The Learning Enrichment Advancement Program (LEAP), McMaster's engineering summer camp for high school students, has launched Headstart. Headstart offers two first-year engineering courses that are taken in conjunction with other LEAP activities over the four-week duration of the program.

“Students who have earned credits in advance of starting university full-time have more options for managing their course load,” explains Stephen Veldhuis, faculty advisor for the LEAP program. “They also gain a sense of the university experience, meet their peers and learn in smaller classes, which can all help ease the transition from high school and allow the student to excel in their first year.”

The two courses offered are Introduction to Professional Engineering (ENG 1P03) and Engineering Design and Graphics (ENG 1C03). Both are mandatory first-year engineering courses required for Engineering 1, McMaster's common first-year program. Students have the option of taking one or both courses during the summer.
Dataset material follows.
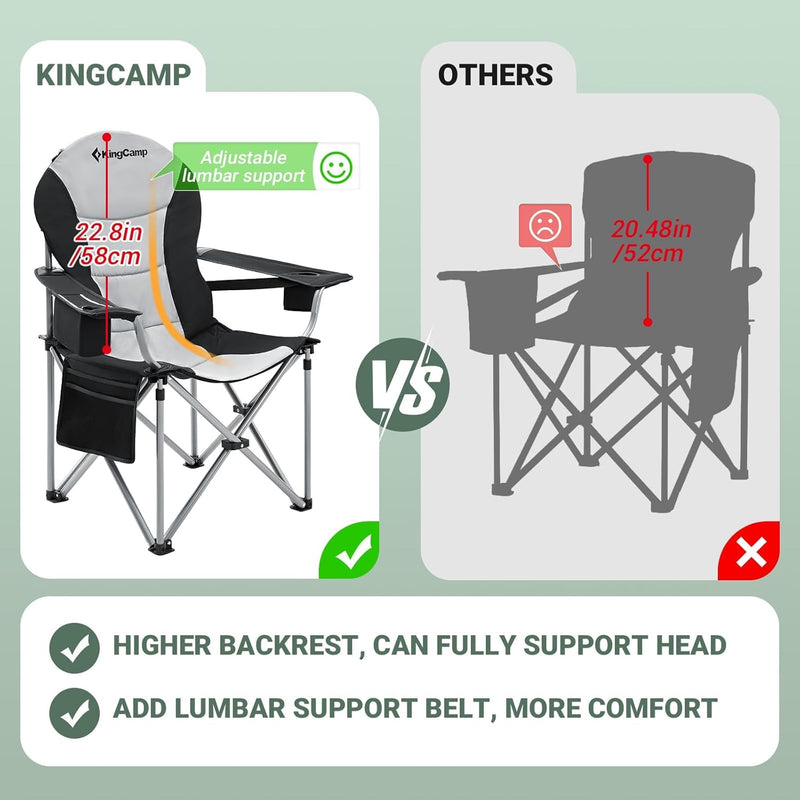 Load image into Gallery viewer, KingCamp JUNIPER C10 PLUS Heavy Duty Folding Camping Chair | 550lb Capacity Oversized Camp Chair with Lumbar Support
Introduction to Professional Engineering was offered with LEAP last summer as a pilot program. Seven Grade 12 high school students enrolled in the special course that had them solving real-world problems such as improving water quality or designing a transportation system for Nalerigu, a small village in northern Ghana.

LEAP is a four-week intensive summer program offered in both July and August to top high school students who have a strong academic record and who excel in science or engineering. The program, started in 2005, has grown from 12 students to 40 students in 2007.

LEAP combines lectures, design projects and laboratory experiments and is held in Faculty of Engineering facilities. LEAP's five topic streams include mechatronics & robotics, sustainable mechanical & civil design, biomedical engineering, nano materials to high performance components and gaming in a virtual world.